# Raw data:
+++++

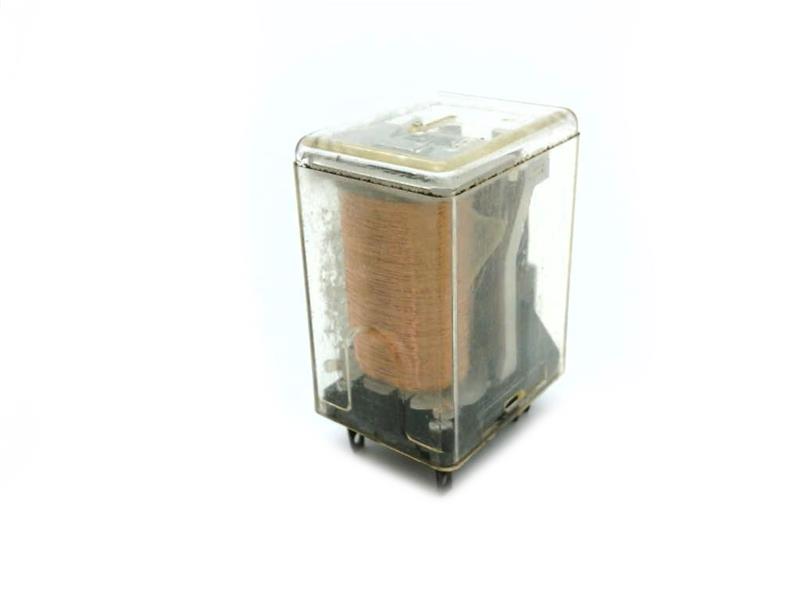 SIEMENS V23154-C0721-B104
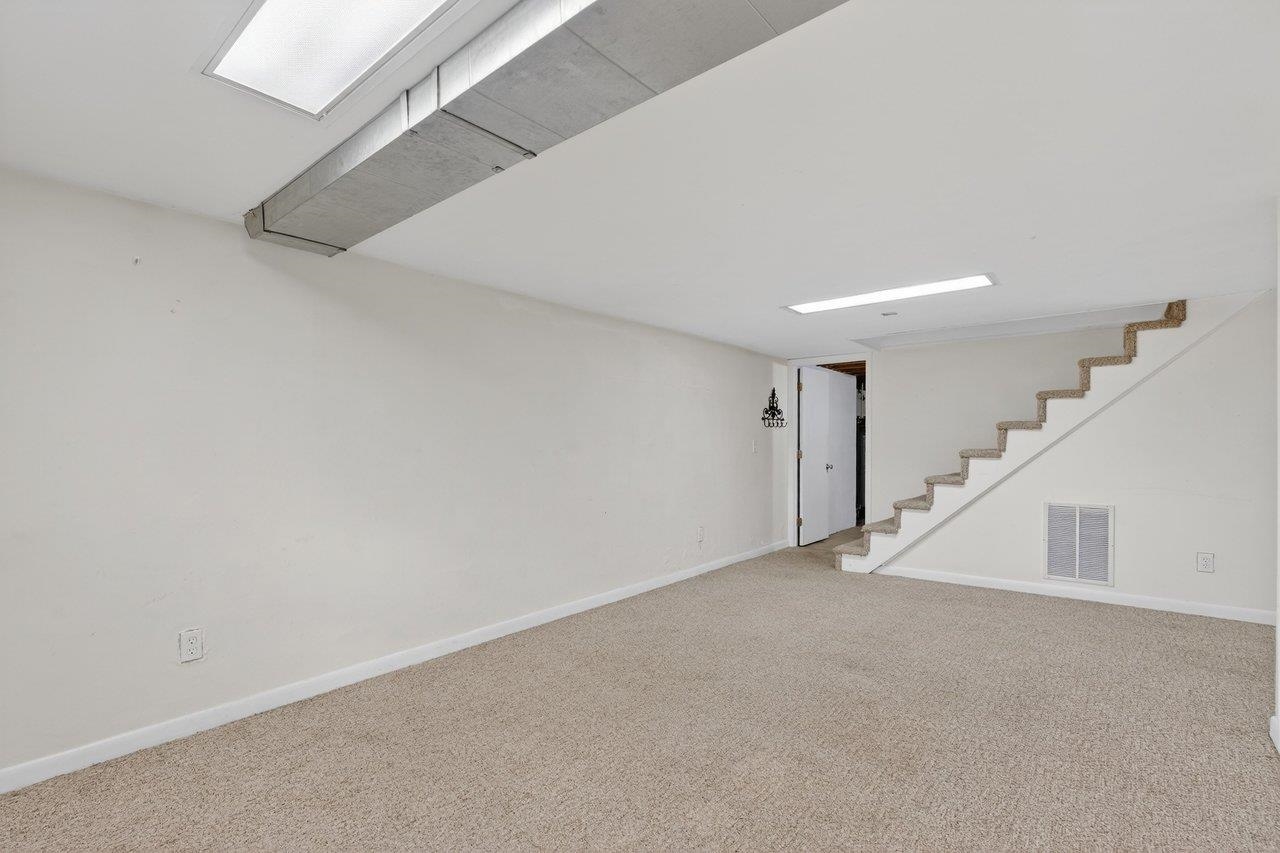 3259 ZION CHURCH RD, BROADWAY, Virginia 22815, 3 Bedrooms Bedrooms, ,2 BathroomsBathrooms,Residential,3259 ZION CHURCH RD,675357 MLS # 675357 3259 ZION CHURCH RD, BROADWAY, Virginia 22815, 3 Bedrooms Bedrooms, ,2 BathroomsBathrooms,Residential,3259 ZION CHURCH RD,675357 MLS # 675357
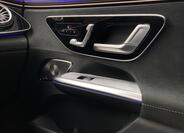 Mercedes-Benz EQE 19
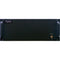 ViewZ VZ-PRO 4x4 Full HD Video Wall Controller (4 RU)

+++++

# Prompt:
Leave out the pictures and reproduce the rest of the listing exactly.

# Solution to the exercise:
 SIEMENS V23154-C0721-B104
 3259 ZION CHURCH RD, BROADWAY, Virginia 22815, 3 Bedrooms Bedrooms, ,2 BathroomsBathrooms,Residential,3259 ZION CHURCH RD,675357 MLS # 675357 3259 ZION CHURCH RD, BROADWAY, Virginia 22815, 3 Bedrooms Bedrooms, ,2 BathroomsBathrooms,Residential,3259 ZION CHURCH RD,675357 MLS # 675357
 Mercedes-Benz EQE 19
 ViewZ VZ-PRO 4x4 Full HD Video Wall Controller (4 RU)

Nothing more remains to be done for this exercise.